Reputation: 1
I'm trying to import the following dataset and store it in a pandas dataframe: https://data.nasa.gov/Space-Science/Meteorite-Landings/gh4g-9sfh/data
I use the following code:
r = requests.get('https://data.nasa.gov/resource/gh4g-9sfh.json')
meteor_data = r.json()
df = pd.DataFrame(meteor_data)
print(df.shape)
The resulting dataframe only has 1000 rows. I need it to have all 45,716 rows. How do I do this?
Upvotes: 0
Views: 1778
Reputation: 48
Well I know now this question was asked a long time ago but I am replying here so that some other user may get benefitted. I am modifying the code of @Rachit Kumar a little by setting the limit as a very large absurd number to download all the data.
import pandas as pd
from sodapy import Socrata
# Unauthenticated client only works with public data sets. Note 'None'
# in place of application token, and no username or password:
client = Socrata("data.nasa.gov", None)
# Example authenticated client (needed for non-public datasets):
# client = Socrata(data.nasa.gov,
# MyAppToken,
# userame="[email protected]",
# password="AFakePassword")
# First 2000 results, returned as JSON from API / converted to Python list of
# dictionaries by sodapy.
results = client.get("gh4g-9sfh", limit=999999)

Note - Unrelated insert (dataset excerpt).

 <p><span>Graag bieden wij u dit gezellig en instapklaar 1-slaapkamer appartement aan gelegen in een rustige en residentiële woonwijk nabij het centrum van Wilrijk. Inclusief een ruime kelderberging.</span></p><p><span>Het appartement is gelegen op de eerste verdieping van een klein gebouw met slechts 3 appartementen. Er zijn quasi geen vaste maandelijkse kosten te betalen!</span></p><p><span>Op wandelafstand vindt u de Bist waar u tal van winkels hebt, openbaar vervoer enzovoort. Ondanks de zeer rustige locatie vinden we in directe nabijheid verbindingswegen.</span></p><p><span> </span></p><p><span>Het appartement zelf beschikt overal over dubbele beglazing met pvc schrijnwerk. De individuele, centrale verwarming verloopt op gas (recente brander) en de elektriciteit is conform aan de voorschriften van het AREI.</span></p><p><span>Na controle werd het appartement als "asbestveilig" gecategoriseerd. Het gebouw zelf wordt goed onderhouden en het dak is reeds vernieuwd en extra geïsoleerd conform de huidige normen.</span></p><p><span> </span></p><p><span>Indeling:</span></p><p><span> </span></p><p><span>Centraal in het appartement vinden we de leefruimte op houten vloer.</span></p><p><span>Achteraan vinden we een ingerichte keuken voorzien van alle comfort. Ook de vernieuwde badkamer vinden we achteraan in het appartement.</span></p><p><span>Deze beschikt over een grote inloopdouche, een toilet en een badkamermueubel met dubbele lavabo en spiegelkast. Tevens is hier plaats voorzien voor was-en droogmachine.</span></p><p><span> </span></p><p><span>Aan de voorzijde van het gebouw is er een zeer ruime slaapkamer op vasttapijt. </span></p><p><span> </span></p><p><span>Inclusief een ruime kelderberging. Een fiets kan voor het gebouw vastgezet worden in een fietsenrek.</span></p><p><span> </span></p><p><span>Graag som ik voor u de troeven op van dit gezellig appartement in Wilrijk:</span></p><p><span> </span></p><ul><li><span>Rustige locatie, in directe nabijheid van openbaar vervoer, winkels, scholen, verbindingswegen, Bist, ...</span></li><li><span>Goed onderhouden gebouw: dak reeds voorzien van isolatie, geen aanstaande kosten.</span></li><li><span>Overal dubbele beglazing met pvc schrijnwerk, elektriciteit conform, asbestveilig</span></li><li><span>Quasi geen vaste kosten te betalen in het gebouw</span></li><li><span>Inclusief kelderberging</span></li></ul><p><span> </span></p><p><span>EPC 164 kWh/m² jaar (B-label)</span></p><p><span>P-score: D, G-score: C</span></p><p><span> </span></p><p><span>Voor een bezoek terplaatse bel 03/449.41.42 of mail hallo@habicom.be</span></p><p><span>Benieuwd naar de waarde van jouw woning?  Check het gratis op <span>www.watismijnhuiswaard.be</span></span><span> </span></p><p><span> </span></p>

# Convert to pandas DataFrame
results_df = pd.DataFrame.from_records(results)
results_df
Please note that the limit is set to any large number
Upvotes: 0
Reputation: 36
DO LIKE This ans set limit
import pandas as pd
from sodapy import Socrata
# Unauthenticated client only works with public data sets. Note 'None'
# in place of application token, and no username or password:
client = Socrata("data.nasa.gov", None)
# Example authenticated client (needed for non-public datasets):
# client = Socrata(data.nasa.gov,
# MyAppToken,
# userame="[email protected]",
# password="AFakePassword")
# First 2000 results, returned as JSON from API / converted to Python list of
# dictionaries by sodapy.
results = client.get("gh4g-9sfh", limit=2000)
# Convert to pandas DataFrame
results_df = pd.DataFrame.from_records(results)
Upvotes: 0
Reputation: 778
Check out the docs on the $limit parameter
The $limit parameter controls the total number of rows returned, and it defaults to 1,000 records per request.
Note: The maximum value for $limit is 50,000 records, and if you exceed that limit you'll get a 400 Bad Request response.
So you're just getting the default number of records back.
You will not be able to get more than 50,000 records in a single API call - this will take multiple calls using $limit together with $offset
Try:
https://data.nasa.gov/resource/gh4g-9sfh.json$limit=50000
See Why am I limited to 1,000 rows on SODA API when I have an App Key
Upvotes: 0